Wi-Fi Penetration Testing
Hi, this is Gus Khawaja, and I would like to welcome you to the Wi-Fi Penetration Testing module. Wi-Fi is a local area wireless computer networking technology that allows electronic devices to communicate with each other, mainly using the 2. 4 Ghz and 5 Ghz radio bands. In fact, Wi-Fi can be less secure than wired connections, such as Ethernet, precisely because an intruder does not need a physical connection. Unencrypted internet access can easily be detected and hijacked by intruders because of this -- Wi-Fi has adopted various encryption technologies. In this module we are going to pentest these encryption technologies using Kali Linux. Let's get started.

Brute Force Attack Testing
Brute-Force consists of systematically checking all possible keys, or passwords, until the correct one is found.
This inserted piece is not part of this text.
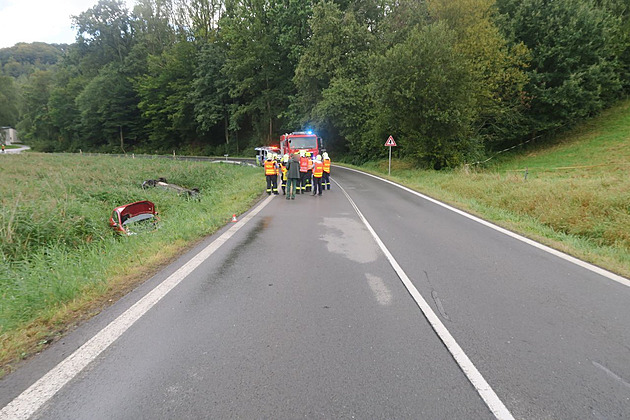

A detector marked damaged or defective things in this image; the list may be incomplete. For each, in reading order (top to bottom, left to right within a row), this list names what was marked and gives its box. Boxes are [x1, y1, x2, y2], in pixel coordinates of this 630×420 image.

overturned red car [108, 201, 159, 236]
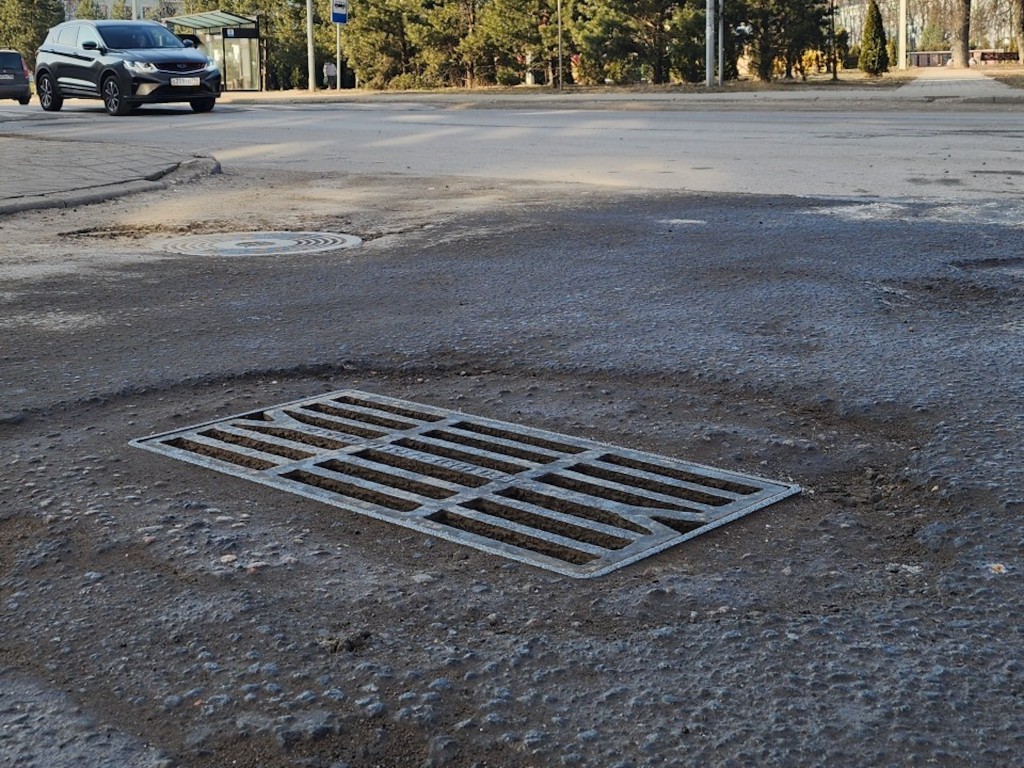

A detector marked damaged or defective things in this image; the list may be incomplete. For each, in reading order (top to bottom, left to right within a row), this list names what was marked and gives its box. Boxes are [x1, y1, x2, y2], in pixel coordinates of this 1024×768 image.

In the worst case, this would involve traversing the entire search space. Hi, this is Gus Khawaja, and I would like to welcome you to the Brute-Force Testing module. Password guessing is very fast when used to check all short passwords. But for longer passwords, other methods, such as the dictionary attack are used because of the time a Brute-Force takes.

Advanced Penetration Testing
The final module is here, folks. Hi, this is Gus Khawaja, and I would like to welcome you to our final adventure. In this module, we are going to see more interesting topics so you can deepen your knowledge and move it to the next level. Let's start.